E-Mobilität steht und fällt mit schnellem Laden. Der Mercedes ELF testet als rollendes Labor die aktuellen Grenzen des Stromtransports.
Elektrofahrzeuge sind längst im Auto-Alltag angekommen. Der Technik wird gemeinhin vertraut, beim Thema Laden bleiben Kunden allerdings skeptisch. Laut einer aktuellen Shell-Studie sind Ladegeschwindigkeit, Komfort und Verlässlichkeit die zentralen Kriterien bei der Wahl des Ladeorts und beeinflussen Routenplanung und Verweildauer maßgeblich. Fast 60 Prozent der Befragten sind noch nicht von der Zuverlässigkeit des Ladens überzeugt, 84 Prozent würden sogar weitere Entfernungen in Kauf nehmen, wenn der Ladepunkt zuverlässig und komfortabel ist.
Mit einem neuen Projekt versucht Mercedes-Benz jetzt den Herausforderungen des Ladens auf die Spur zu kommen. Das rollende Experimental-Lade-Fahrzeug ELF soll Fahrzeug-Innovationen mit infrastrukturellen Konzepten zu einem möglichst optimalen Ladeerlebnis vereinen. Dafür hat Mercedes-Benz in einer umgebauten V-Klasse gleich fünf Möglichkeiten des Ladens eingebaut. ELF kann ultraschnelles Laden mit über 1000 Watt, dazu solares, bidirektionales, induktives und konduktives Laden.
Was geht technisch?

Beim Megawatt Charging-System (MCS) testet das ELF-Team vor allem die thermische Belastbarkeit. Foto: Mercedes-Benz
Beim Megawatt Charging-System (MCS), das ursprünglich für den Schwerlastverkehr entwickelt wurde, testet das ELF-Team vor allem die thermische Belastbarkeit und die Leistungsgrenzen von Hochvoltbatterien, Leistungselektronik und Ladekabeln aus. Um Ladeverlust zu minimieren, wird mit wassergekühlten Kabeln experimentiert, ebenso mit Laderobotern, die die schweren Kabel automatisch mit der Ladebuchse verbinden.

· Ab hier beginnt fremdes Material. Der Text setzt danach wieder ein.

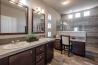 Secret Cove Manufactured Home
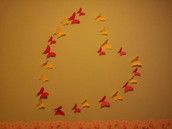 Profilfoto  mamii2013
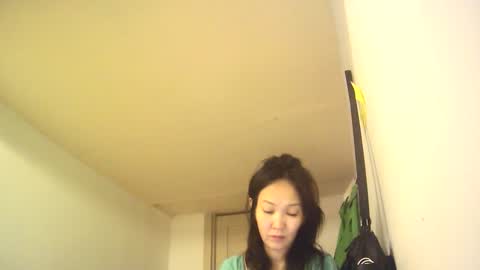 bailliy online show from February 2025 04:09:02 AM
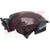 W204 FENDER LINER R/F 1ST PIECE F/L Generic Attachment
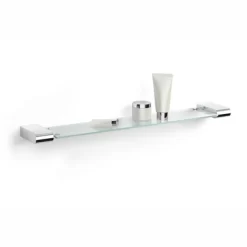 Etagère Zack Atore Brillant 6 Etagère Zack Atore Brillant -Salle De Bain Boutique 2 40456.1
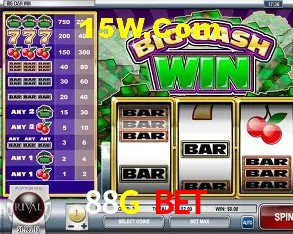88G Bet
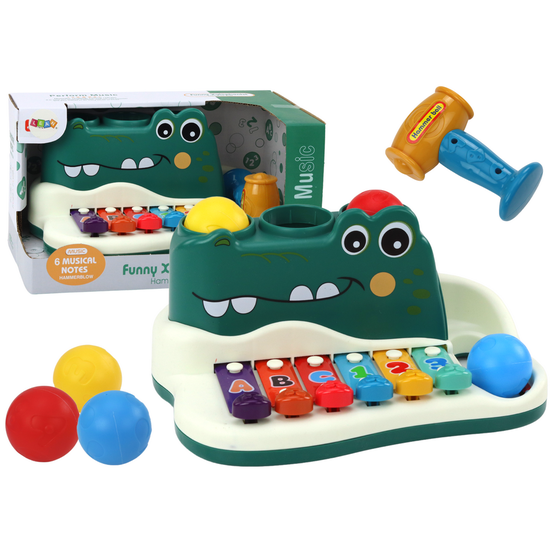 Detsky_xylofon_krokodyl_s_piankem_a_micky_3268e6d7.png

Standard ist heute das Laden per CCS-Stecker. Auch hier lotet Mercedes-Benz am ELF die technischen Grenzen aus, um die Voraussetzungen für noch höhere Ladeleistungen zu schaffen. Das Laden des ELF-Mobils soll praxisnah entlang der Autobahnen oder im City-Bereich durchgeführt werden. Im ELF sind bereits bis zu 900 kW Ladeleistung möglich, damit können 100 kW in zehn Minuten nachgefüllt werden. Auch hier kommen flüssigkeitsgekühlte Kabel zum Einsatz.
Strom aus dem Boden
Das bidirektionale Laden bezeichnet Mercedes-Benz als den „strategischen Hebel für die Energiewende“. In realen Szenarien wird getestet, wie Elektrofahrzeuge zum aktiven Bestandteil des Energiesystems werden können, in dem sie Strom ins Haus (V2H), ins Netz (V2G) oder direkt an elektrische Geräte (V2L) abgeben.

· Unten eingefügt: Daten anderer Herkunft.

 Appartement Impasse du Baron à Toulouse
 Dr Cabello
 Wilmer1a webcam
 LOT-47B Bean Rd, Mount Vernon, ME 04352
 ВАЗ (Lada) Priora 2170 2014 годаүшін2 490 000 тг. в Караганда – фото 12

ELF erprobt zudem das Laden ganz ohne Kabel, also über kontaktlose Ladesysteme, die im Boden integriert sind. Derzeit liegt die Ladeleistung beim induktiven Laden bei überschaubaren 11 kW Wechselstrom (AC), was einer typischen Wallbox entspricht. Beim konduktiven Laden hingegen werden Ladeplatten im Boden genutzt, die mit dem Fahrzeug kommunizieren und über einen sogenannten Connector im Fahrzeugboden direkt verbunden werden. Hierfür ist zielgerichtetes Parken erforderlich, was der Park Assist übernimmt. Auch hier liegt die Ladeleistung aktuell bei 11 kW. (SP-X)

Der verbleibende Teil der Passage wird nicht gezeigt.